With Christmas fast approaching and the locality falling under an increasing blanket of snow, the apparent tranquillity of Ballyglass House is shattered by the barbaric murder of the local priest in John Banville's latest novel, Snow.
"I’m a priest for Christ’s sake – how can this be happening to me?" Little time is wasted by John Banville in getting down to the business of murder. From the book’s opening line, we are plunged into a barbaric attack, the victim unaware of their assailant but increasingly understanding of their fate as life drifts out of their body.

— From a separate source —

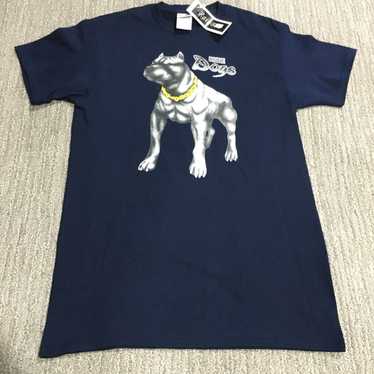 Delta Rude Dogs T Shirt Mens Small Blue Delta Pro… - image 1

The brutal murder of a Catholic priest in the late 1950s - inconceivable in Ireland, such was the Church’s standing - is surely an event enough around which to build a book. Factor in the fact, however, that the murder occurs in the dead of night in the country house of the Anglo-Irish Osbourne family, that the victim has been expertly castrated, the removed organ nowhere to be found, and that the obvious massacre failed to rise from their slumber the residents of Ballyglass House. Straight away you grasp that Banville is not a man for attempting anything other than an expertly multi-layered whodunnit.
Into the aftermath of the crime arrives Detective Inspector St. John Strafford, dispatched from Dublin to investigate the crime partly due to his familial links to Wexford. He is far from being a one-dimensional force, being a Protestant in a position of authority within An Garda Siochána. An apparent loner carrying some unexplored baggage of childhood, he is unwilling to bend to pressure from superiors to put the whole event to bed, even if it means turning a blind eye.
While Banville has departed from his pseudonym Benjamin Black to write crime in his own name, Black’s famed pathologist Quirke makes an absent cameo, on hand in Dublin to perform the late Father Tom Lawless’s post-mortem.
A more prominent presence is Archbishop John Charles McQuaid, closely monitoring affairs to ensure that the Church’s name is not tarnished by the murder. The Archbishop makes every effort to ensure that the more gruesome details remain solely within the knowledge of the investigating officers and the residents of Ballyglass. McQuaid's presence means that Snow is as much a document about societal structures of Ireland seven decades back as it is a work of crime fiction.
Discretion though is not at the gift of the locals, even at Christmas. It seems as if every living entity in the locality knows of every sordid detail of the crime.
As Strafford expands the span of his investigation, he meets a stream of characters who constantly leave the reader wondering if they are exactly who they seem. From a clearly dysfunctional Osbourne family, a relative appears, whose primary concern for Father Lawless revolves around the inheritance of a horse. Far from remaining schtum, the locals are happy to open the door to hints of scandal or impropriety involving all those with even the remotest link to the incident.
Opening the door to a clue born of rumour or innuendo is almost deemed acceptable, but fully divulging information which would send the visiting officer on a more direct route to solving the crime seems beyond most people's ability.
Comparisons have been drawn between Snow and works of the classic era of crime writing. Such comparisons are warranted, but this is far more than a hat tip to the work of Raymond Chandler and Agatha Christie. This is a lyrically-written work which leaves you guessing to the end and pondering beyond the postscript.
With any luck, Strafford will become a more frequently seen character under Banville's pen, as the pathologist Quirke was under the dark watches of Benjamin Black.